Anger constricted my throat. I would wait for them. I would be there when the boat touched the sand.
But no … they were not coming back. They had been making sure that the boat was securely tied. Once before they had not tied it securely enough.
I thought: I will go over. I will confront them. This time he’ll not find me cowering under a dust sheet.
I was untying the boat when I heard a cry from behind me.
“Stop, Miss.”
Fanny was running down the cliff path and came panting to stand beside me.
“What are you doing here? You were going to get into that boat!”
“I had a fancy to go out to the island.”
“Are you mad? On a night like this, with the sea choppy! If that boat overturned you’d be dragged down in those skirts before you could say Jack Robinson.”
She was right.
“Oh I know,” she went on grimly, “I saw. But it’s not for you to go over there. Now you’d better get back to that ball and forget about it.”
“Not just yet, Fanny. I want to stay out here for a while.”
“It’s too chilly.
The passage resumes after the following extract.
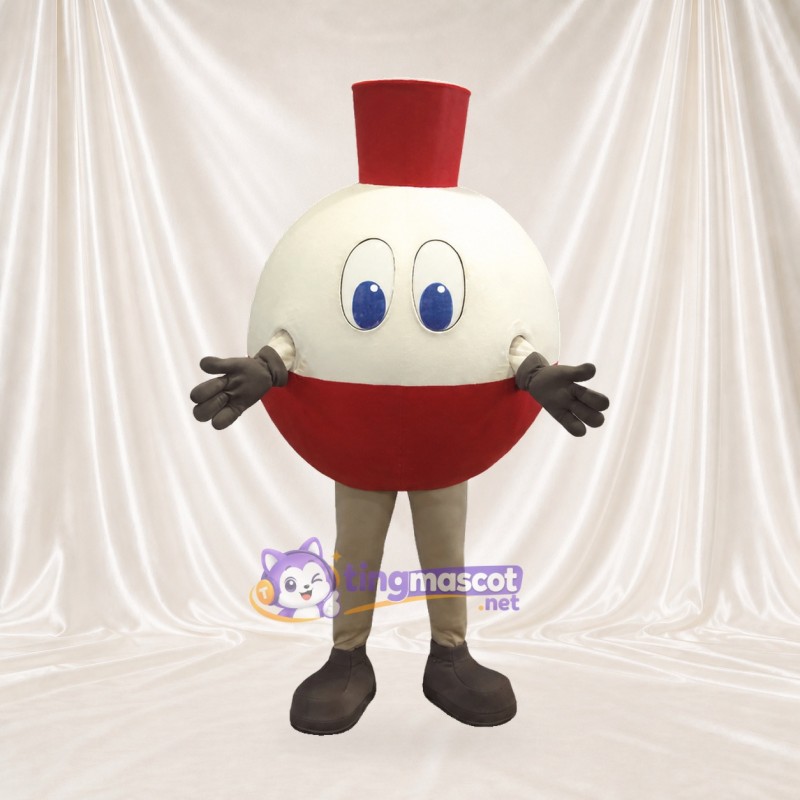 White Capsule Character Mascot Costume Full Body for Adults Promotions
Come on.”
We climbed up to one of the arbors, and there we sat together for a while.
Fanny looked fierce. I wanted to talk to her but I daren’t I was trying to pretend that I had imagined I had seen them on the island.
At length we returned. I didn't see Bevil and Jessica again until the unmasking. Then they were not together.
It was the early hours of the morning before the last guests had gone and I was alone with Bevil. I kept on my dress to give me confidence. I was going to speak to him because I couldn’t remain in suspense.
I gripped my hands behind my back to give me courage. He was humming one of the waltz tunes and, coming to me, put his arms about me and tried to dance round the room with me.
“I think our ball was a success,” he said. “We must do more entertaining.”
There’s something I have to say to you, Bevil.”